Schaukeln schwingen leer im Regen, ganz sacht nur.

Obdachlose schieben tropfnasses Hab und Gut in lädierten Einkaufswagen an der Kirche vorbei. Vor den Cafés und Restaurants die zusammengeklappten Sonnenschirme, die leeren Tische und die zusammengeschobenen oder aufgestapelten Stühle. Kleine Pfützen auf Holz- und Plastikflächen. Über die teils noch ausliegenden laminierten Speisekarten ziehen Schauer hinweg, noch einer und noch einer, und dann immer so weiter. Ttagelang wird es noch so gehen. Das Programm ist insgesamt wenig originell und gut absehbar, aber ich finde es okay.
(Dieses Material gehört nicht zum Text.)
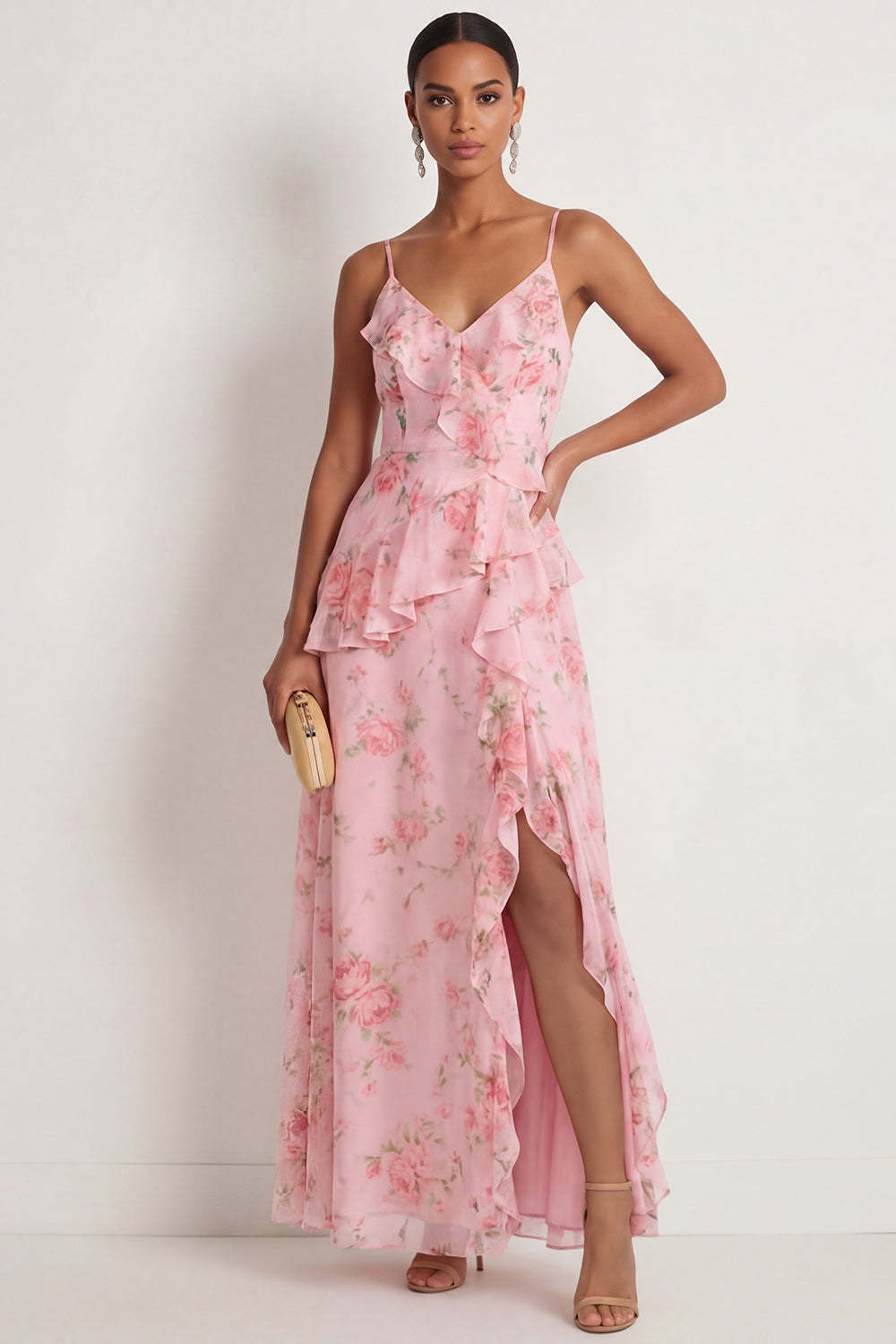 Leely Women Blue Pink Floral A Line Ruffled Maxi Wedding Guest Dress with Slit Spaghetti Straps Backless Sleeveless Formal Dress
Sich auch mal bescheiden geben, genügsam sein. Immerhin ist es nicht zu heiß in dieser Stadt. Auch einmal das Positive unter dem Regenschirm sehen, in stoischer Selbstermunterung pfeifen und weitergehen. So beginnt hier der Juli, so beginnt bei uns das zweite Halbjahr, und so schlecht ist es nicht.

Am Nachmittag habe ich einen Termin mit der Herzdame in Winterhude. Ich verlasse also wie programmgemäß schon wieder unser Quartier. Wie so ein Mensch, der regelmäßig in der Stadt herumkommt. Im vollen Bus, der sich ruckelnd durch den zähen, stockenden Feierabendverkehr schiebt, riecht es intensiv nach nassen Hunden, Klamotten und Menschen.

Eine schwer mit Einkäufen bepackte Mutter schimpft laut, zeternd und anhaltend mit ihrem kleinen Sohn. Der hört überhaupt nicht hin, sieht vielmehr die ganze Zeit konzentriert aus dem Fenster in den sich stauenden Verkehr da draußen und träumt von etwas anderem.

Und wenn man sich die erwachsenen Passagiere mit ihren matten Werktagsgesichtern und den Blicken ins Leere so ansieht: Wer weiß, wer noch.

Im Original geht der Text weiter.